Paul Weiss announced Thursday that it had decided to withhold information about Hunter’s contract and related matters as a result of the government’s ongoing inquiry. While stating that Hunter did not engage in any criminal conduct, the firm said in its supplemental statement that his "actions were inconsistent with his fiduciary obligations to put the interests of the Union above his personal interests, and that [Hunter] did not properly manage conflicts of interest."

Despite Hunter’s forceful defense—and a promise to implement reforms—he remains under fire on several fronts.

Bloomberg reported last month that the NBPA had moved to terminate two employees related to Hunter—attorney and director of special events and partnerships Megan Natsuko Inaba (his daughter-in-law) and director of player benefits and services Robyn Hunter (his daughter)—as part of its effort to move forward into a new era.

Meanwhile, Yahoo Sports reported this week that federal prosecutors are looking closely at the payment of more than $3 million to a Cleveland-based financial advisory firm called Prim Capital that employed Hunter’s son Todd Hunter as a principal. The main focus of the inquiry are union documents bearing the signatures of late NBPA general counsel Gary Hall and NBPA director of player services Purvis Short that authorized payments to Prim, according to Yahoo.

Todd Hunter no longer works at Prim Capital, which did not cooperate with the Paul Weiss probe. Hall, a key consigliere and good friend of Hunter’s who died in May 2011, was identified in the firm’s report as not "an independent figure who would be responsive to concerns about Hunter’s management of the Union."

Saturday’s NBPA meeting will be run by Fisher and acting executive director Ronald Klempner, a former Weil, Gotshal & Manges associate who served as deputy general counsel of the union under Hunter. Klempner was named the interim replacement for his former boss earlier this month.

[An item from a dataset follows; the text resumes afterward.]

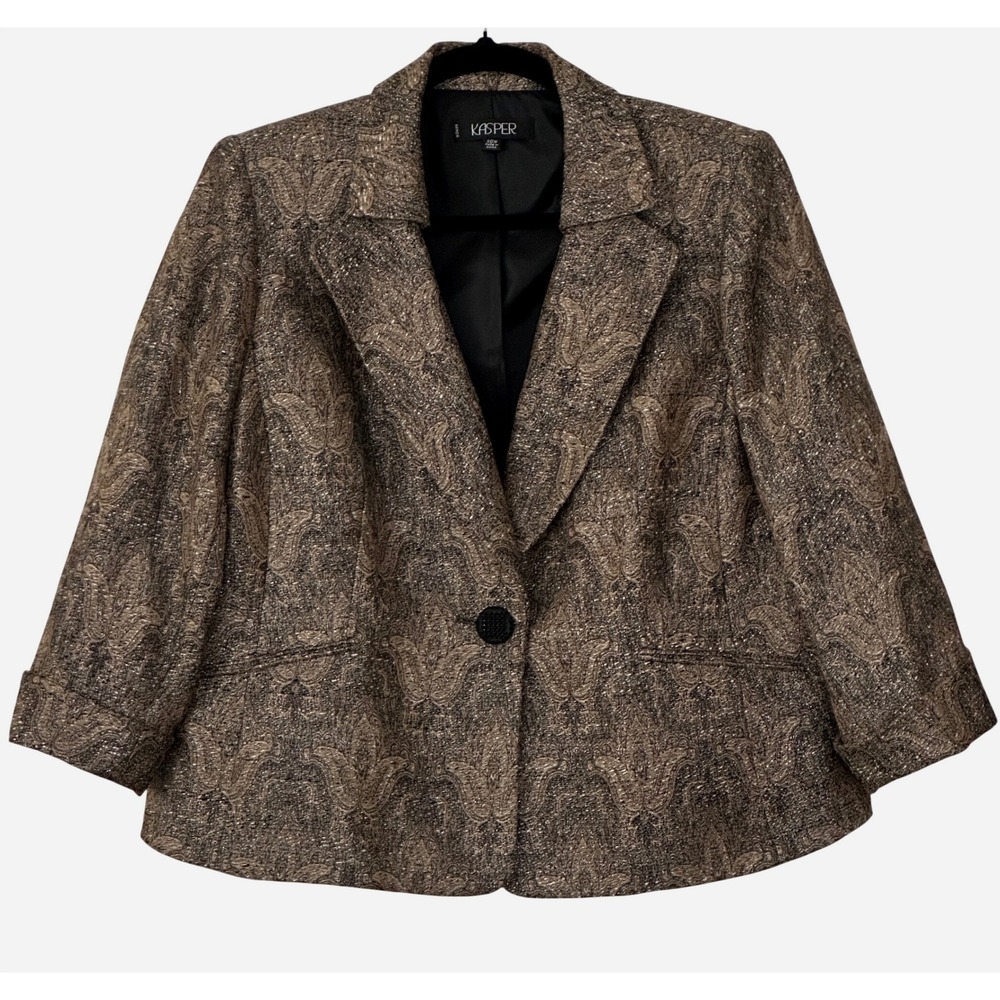 Kasper Woman Jacket 20W Paisley Brocade Blazer Metallic Holiday Special Occasion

Since then several high-profile players and their agents—including former Manatt, Phelps & Phillips partner Art Tellem—have called on the union to fire Hunter. Should players heed that call, it could take several months to find a new executive director.

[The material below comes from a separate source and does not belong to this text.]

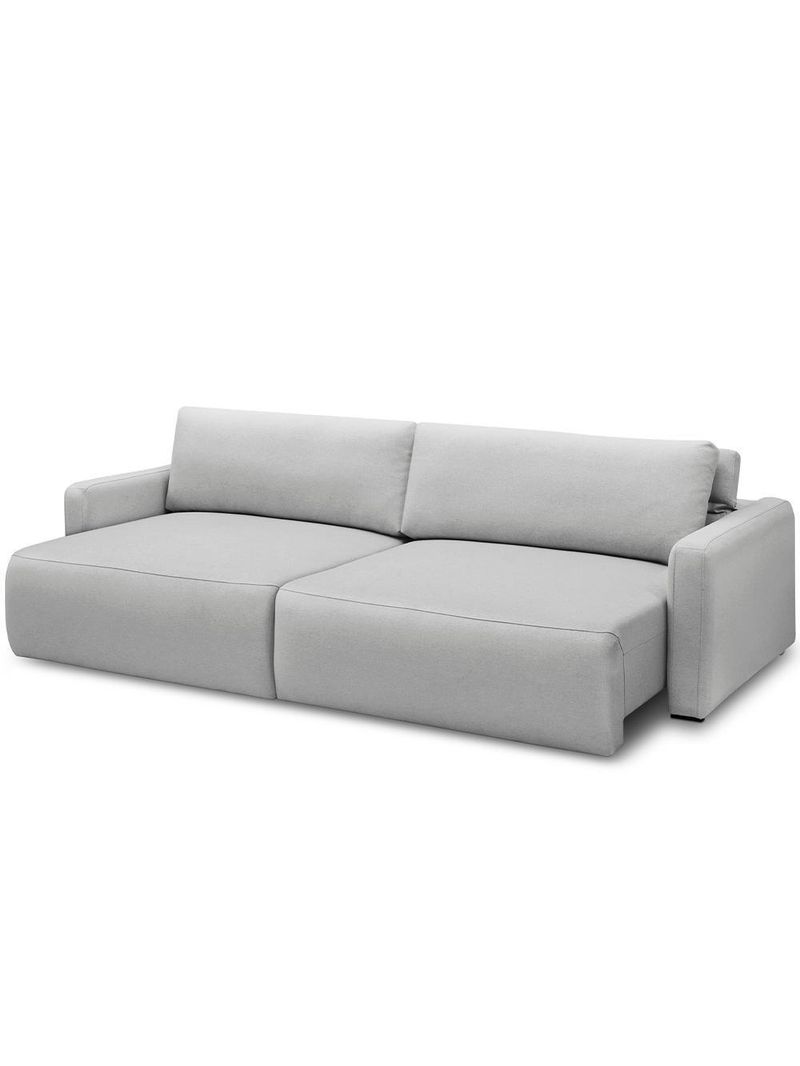 Sofá Retrátil Reclinável Para Sala De Estar Living 240cm Sevilha F04 Bouclê Cinza - Lyam Decor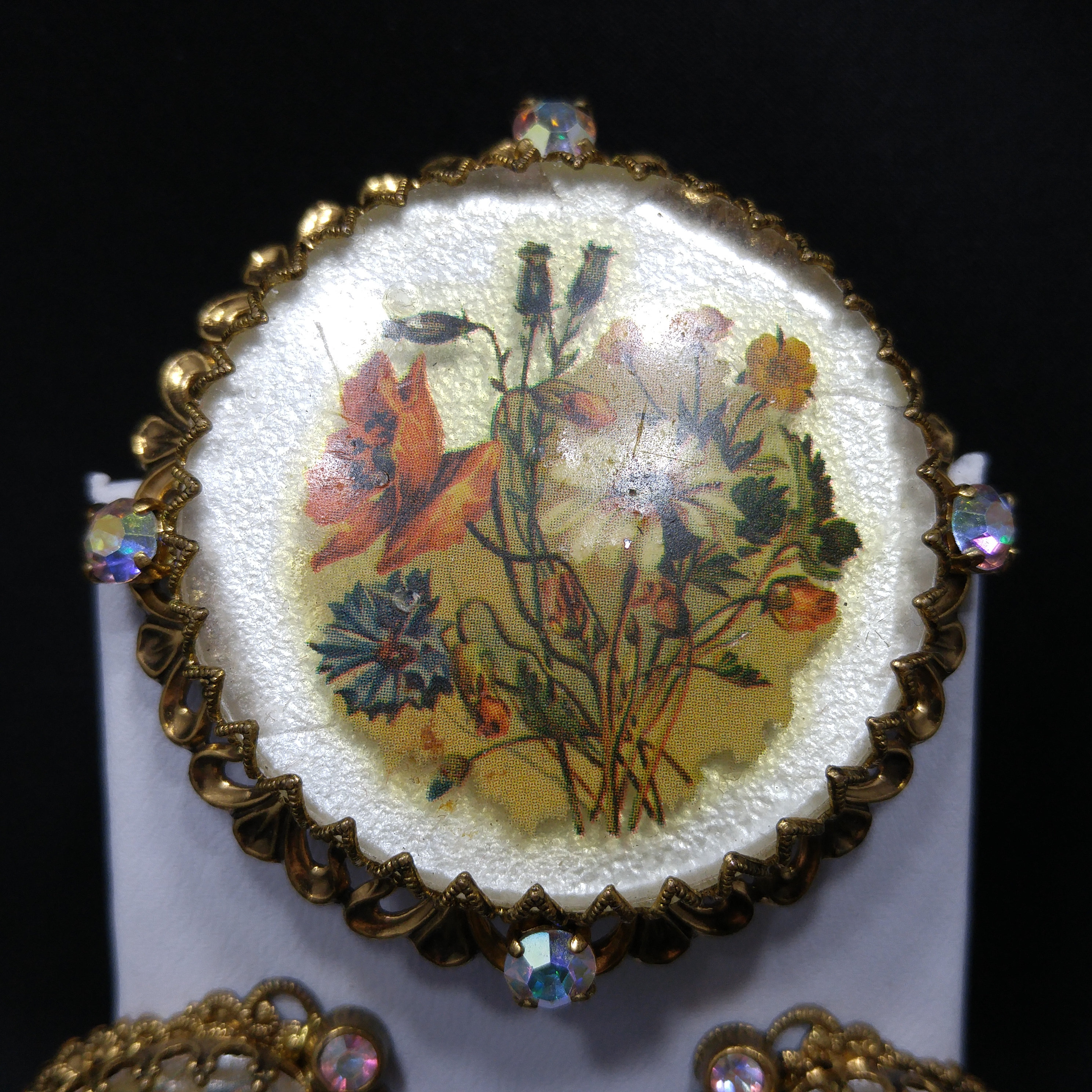 West Germany Floral Filigree Brooch & Earrings, Aurora West Germany Floral Filigree Brooch & Earrings, Aurora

Potential replacements mentioned in recent media reports include B. Todd Jones, a U.S. Attorney for the District of Minnesota who is also serving as acting director of the Bureau of Alcohol, Tobacco, and Firearms, and Donald Fehr, the current head of the National Hockey League Players Association. (After the NHLPA ousted Fehr’s predecessor Paul Kelly—who was hired by Jackson Lewis last year—the union eventually paid him $1.5 million in compensation and covered $200,000 in attorney fees to settle a dispute over the dismissal.)

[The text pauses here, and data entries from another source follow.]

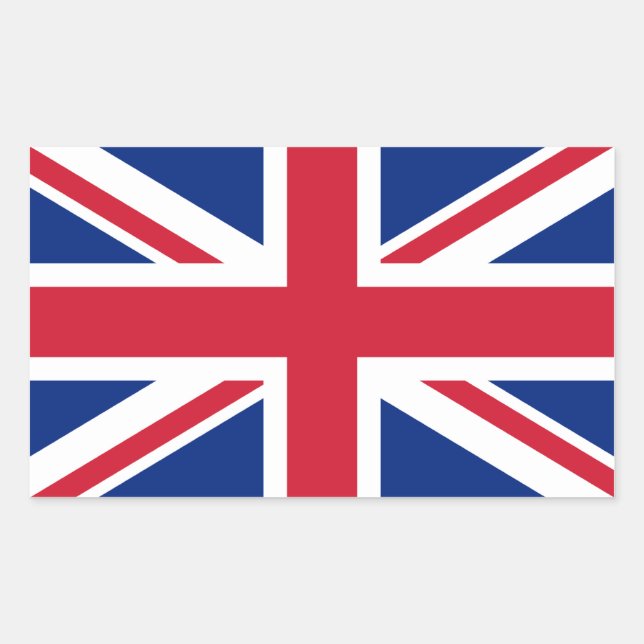 British Union Jack Rectangular Sticker (Front)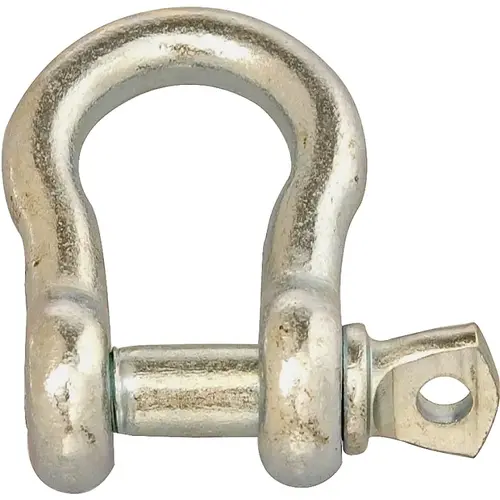 Anchor Shackle, 1/2 in Trade, 2000 lb Working Load, Consumer Grade, Carbon Steel, Zinc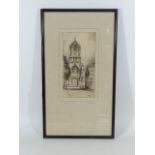 Framed Etching Town Tower, Oxford Signed F. Robson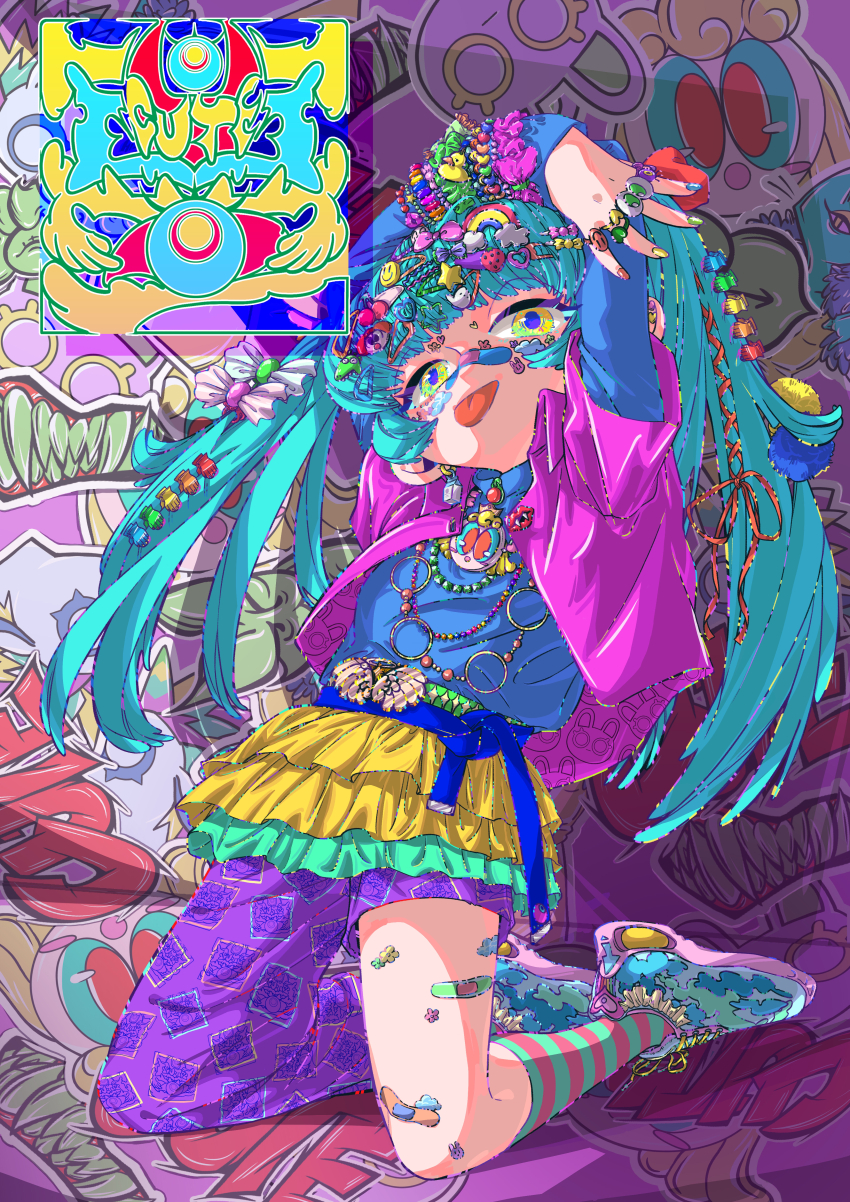 1girl absurdres arm_over_head arms_up asymmetrical_clothes bandaid bandaid_on_face bandaid_on_leg bandaid_on_nose bead_necklace beads belt blue_belt blue_hair blue_shirt bracelet closed_mouth collared_shirt decora frilled_skirt frills full_body graffiti green_skirt hair_ornament hair_ribbon hairclip highres jewelry kneehighs kneeling layered_shirt layered_skirt layered_sleeves long_hair long_sleeves looking_at_viewer miniskirt multicolored_nails multiple_bracelets multiple_rings necklace open_clothes open_shirt original pants pants_under_skirt patterned_clothing pink_shirt purple_pants purple_pupils rainbow_hair_ornament red_ribbon ribbon ring shirt shirt_tucked_in shoes short_over_long_sleeves short_sleeves single_pantsleg skirt sneakers socks solo sticker_on_face striped_clothes striped_socks tongue tongue_out too_many_hair_ornaments twintails vico_(bibico) yellow_eyes yellow_skirt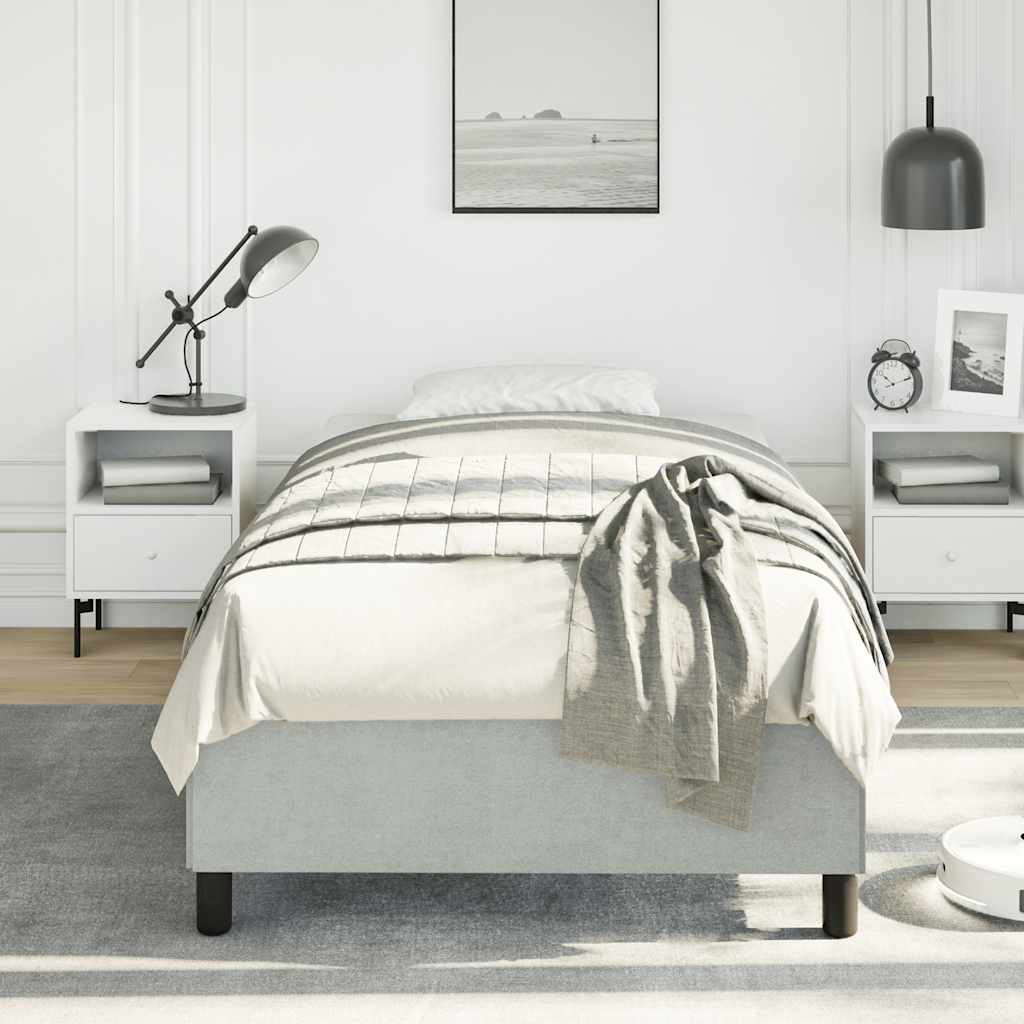 Cadre de lit sans matelas gris clair 100x190 cm velours - XIOS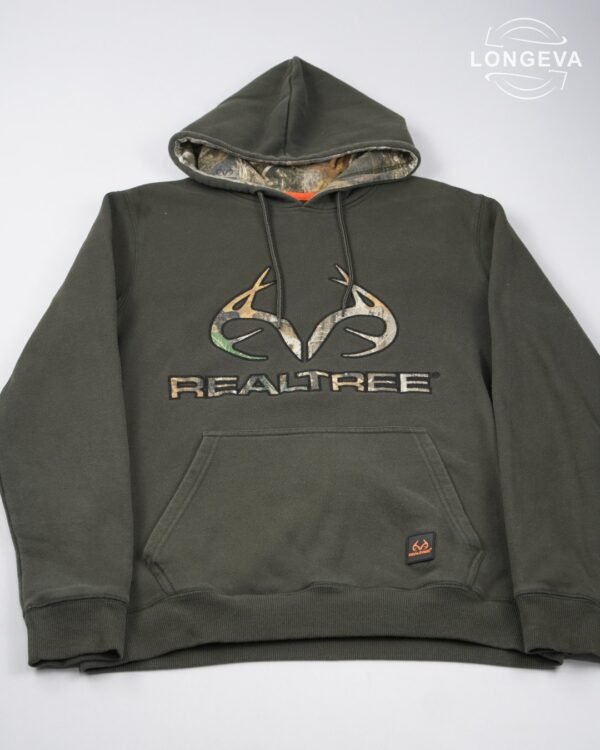 SUDADERA REALTREE M VERDE LOGO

One individual not interested in the position is the union’s longtime outside counsel Jeffrey Kessler, a former former head of the global litigation group and cohead of the sports litigation practice at now-defunct Dewey & LeBoeuf. Kessler, who has advised the NBPA for nearly 30 years, left Dewey in its death throes last May and took 60 lawyers with him to Winston & Strawn. A source familiar with the matter says Kessler is not interested in an executive leadership position at the NBPA.

Kessler was mentioned sparingly in the Paul Weiss report, which stated that Hunter should have listened to him more instead of deferring to firms like Howrey and Steptoe & Johnson, both of which employed one of his daughters, Alexis Hunter. (Kessler declined to comment when asked earlier this week about a former client of his—South African double-amputee Olympic sprinter Oscar Pistorius—who has been accused of murdering his girlfriend.)

In other NBA–related legal news, former Proskauer Rose partner and current league commissioner David Stern announced last week that an ownership group seeking to buy the Sacramento Kings for $525 million and move them to Seattle had filed relocation papers ahead of a March 1 deadline.

The Am Law Daily reported last month on the host of Am Law 100 firms involved in the potential deal, which could bring NBA basketball back to the Pacific Northwest for the first time since 2008.